**AIM OF THE TASK**
Retype, exactly as written, every line from the one containing "Breathable Mesh Running" through the last line of the records below, both included; skip the pictures.

-------- AVAILABLE DATA

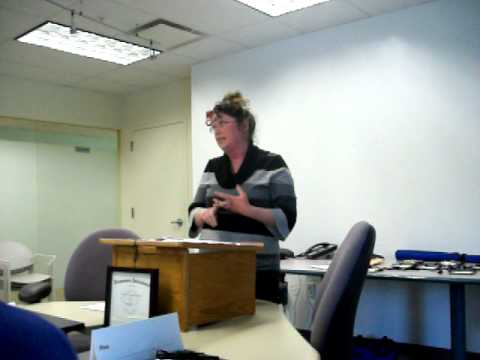 2011 Feb Chocolate For Breakfast Speech.MOV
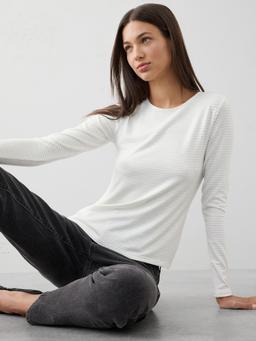 Soft Luxe Top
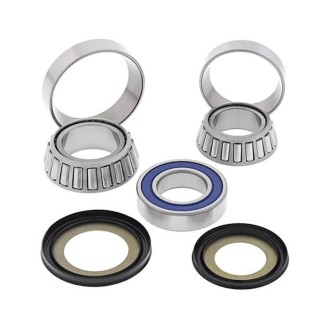 Steering Bearing Kit Hondatrx 90/250/300/400/450/700 - WY-22-1060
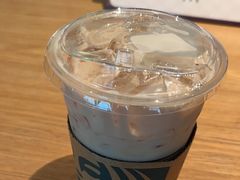 -星巴克(深圳梅林虹湾店)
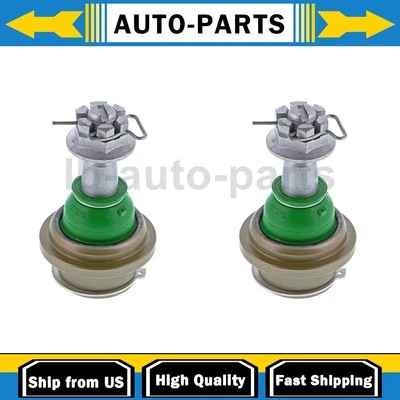 2x rótula suspensión inferior delantera Mevotech tracción trasera Ram 1500 2011-2012 Foto 1 de 4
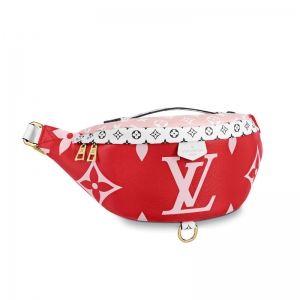 M44575 LV2019 �ļ������� Monogram �������� LV���� LVŮʿ���� ��ɫ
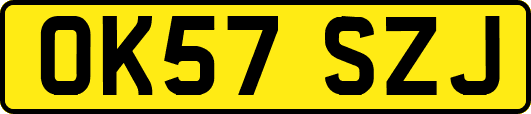 OK57SZJ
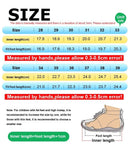 Breathable Mesh Running Sports Shoes for Kid Boys childrensterritory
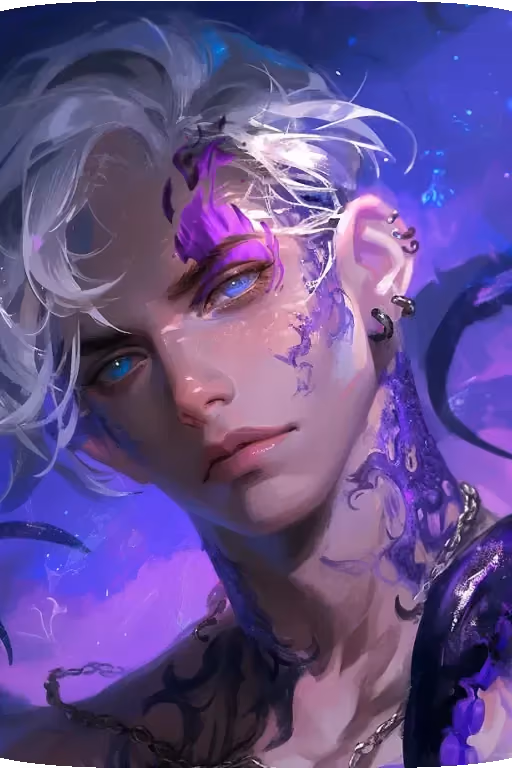 Nereus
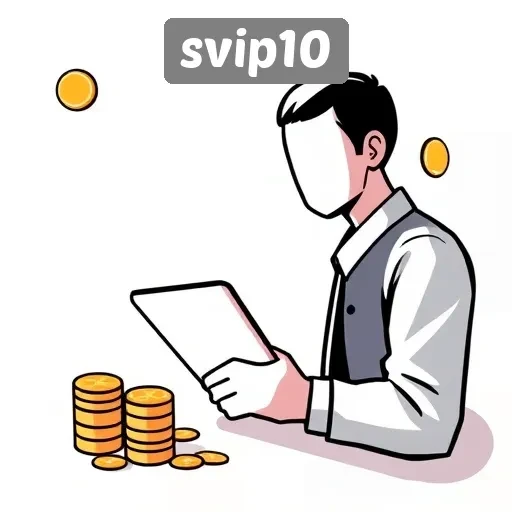 Analisis Pengalaman Pengguna di Platform svip10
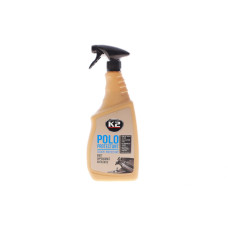 Засіб для чистки пластика (приборної панелі) Polo Protectant (770ml)
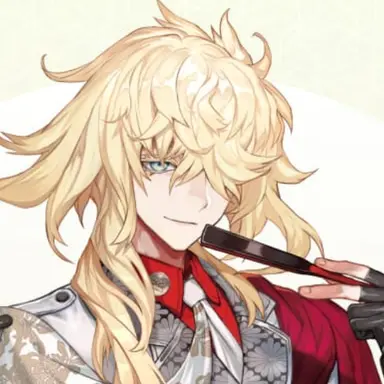 Profile image of 一文字則宗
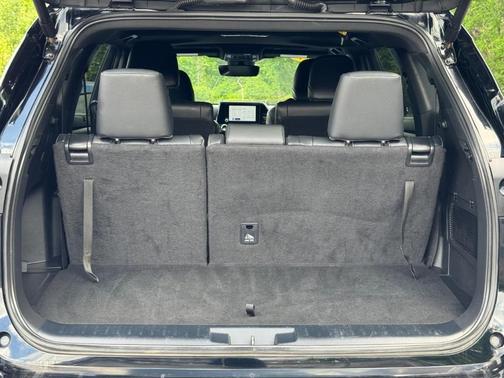 2024 Toyota Highlander XSE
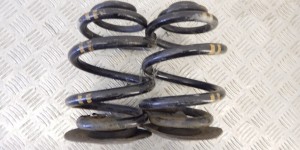 Пружина задняя BMW 3-series (E46)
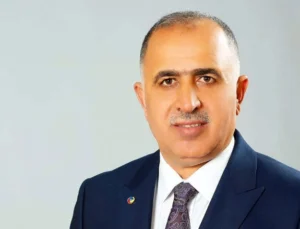 Gelirde 81. Sırada Olan Ağrı, Vergi Tahsilatında 19. Sırada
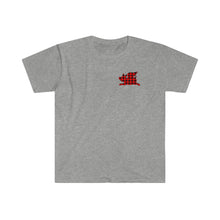 Load image into Gallery viewer, F-18 Christmas Special Delivery T-Shirt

----------------

**TASK RESULT**
 Breathable Mesh Running Sports Shoes for Kid Boys childrensterritory
 Nereus
 Analisis Pengalaman Pengguna di Platform svip10
 Засіб для чистки пластика (приборної панелі) Polo Protectant (770ml)
 Profile image of 一文字則宗
 2024 Toyota Highlander XSE
 Пружина задняя BMW 3-series (E46)
 Gelirde 81. Sırada Olan Ağrı, Vergi Tahsilatında 19. Sırada
 Load image into Gallery viewer, F-18 Christmas Special Delivery T-Shirt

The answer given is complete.